With the pictures left aside, write out exactly the lines of the listing below from the line with "used 2025 Chevrolet" to the line with "Bow Ribbon Blueandpurple", both included, and only those.

Listed entries |

○ ○ ○ ○ ○ ○ ○

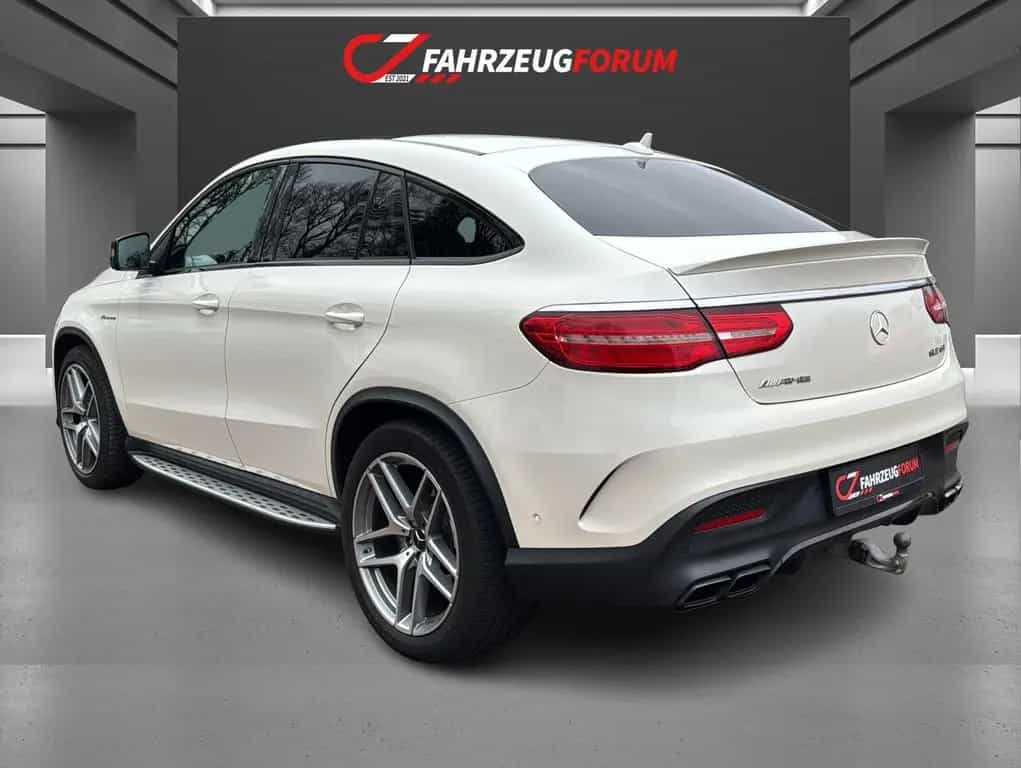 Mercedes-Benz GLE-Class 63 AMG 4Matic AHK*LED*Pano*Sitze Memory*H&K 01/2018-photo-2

○ ○ ○ ○ ○ ○ ○

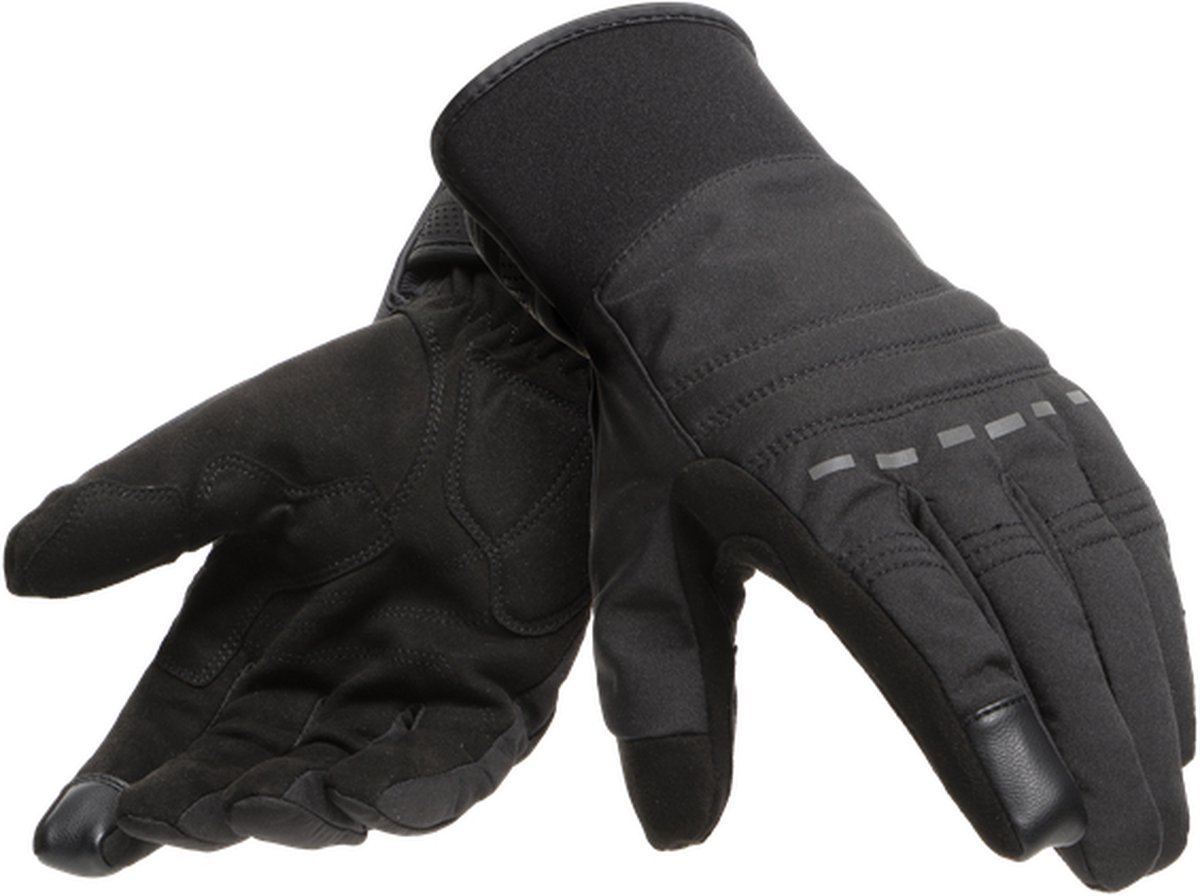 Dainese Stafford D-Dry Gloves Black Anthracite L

○ ○ ○ ○ ○ ○ ○

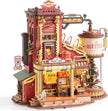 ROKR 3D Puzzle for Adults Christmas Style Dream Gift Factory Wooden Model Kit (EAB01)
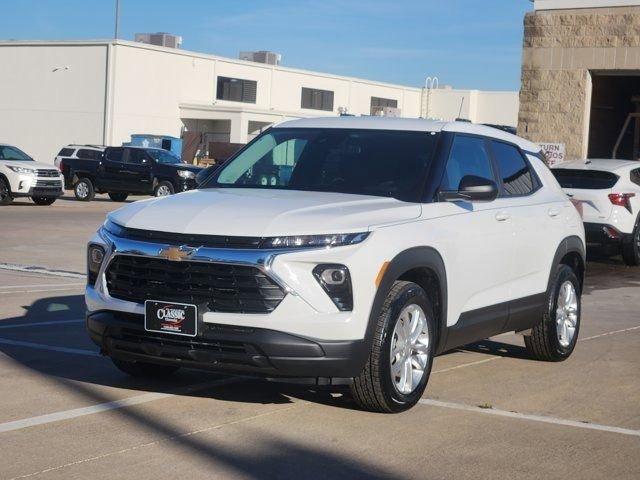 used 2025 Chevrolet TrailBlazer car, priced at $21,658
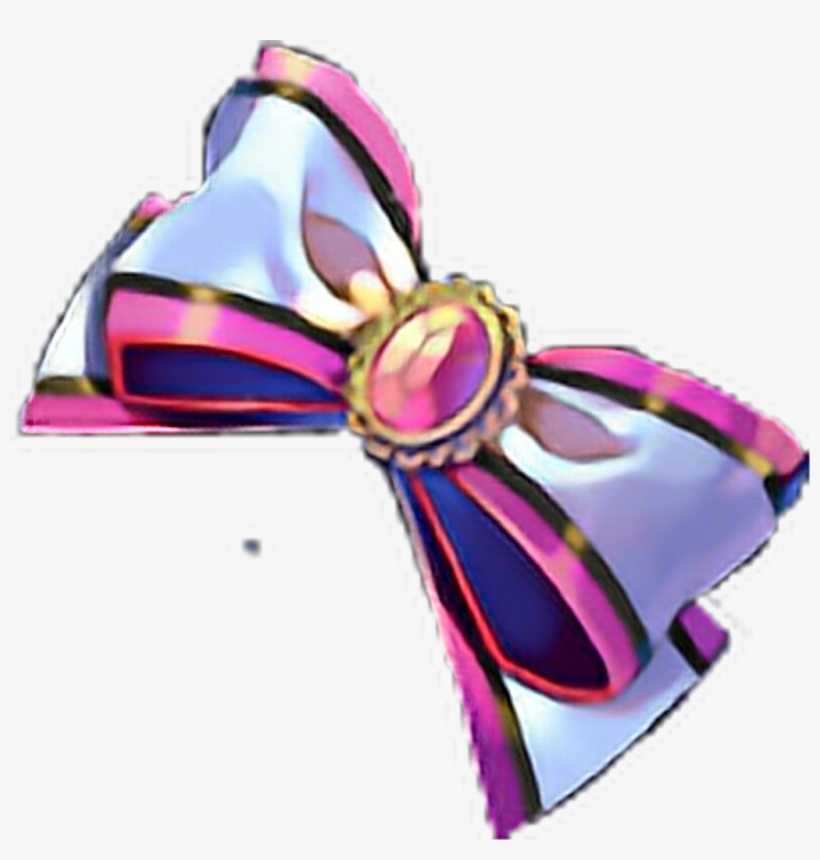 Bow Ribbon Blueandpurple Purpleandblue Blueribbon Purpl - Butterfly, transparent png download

○ ○ ○ ○ ○ ○ ○

Task result |
 used 2025 Chevrolet TrailBlazer car, priced at $21,658
 Bow Ribbon Blueandpurple Purpleandblue Blueribbon Purpl - Butterfly, transparent png download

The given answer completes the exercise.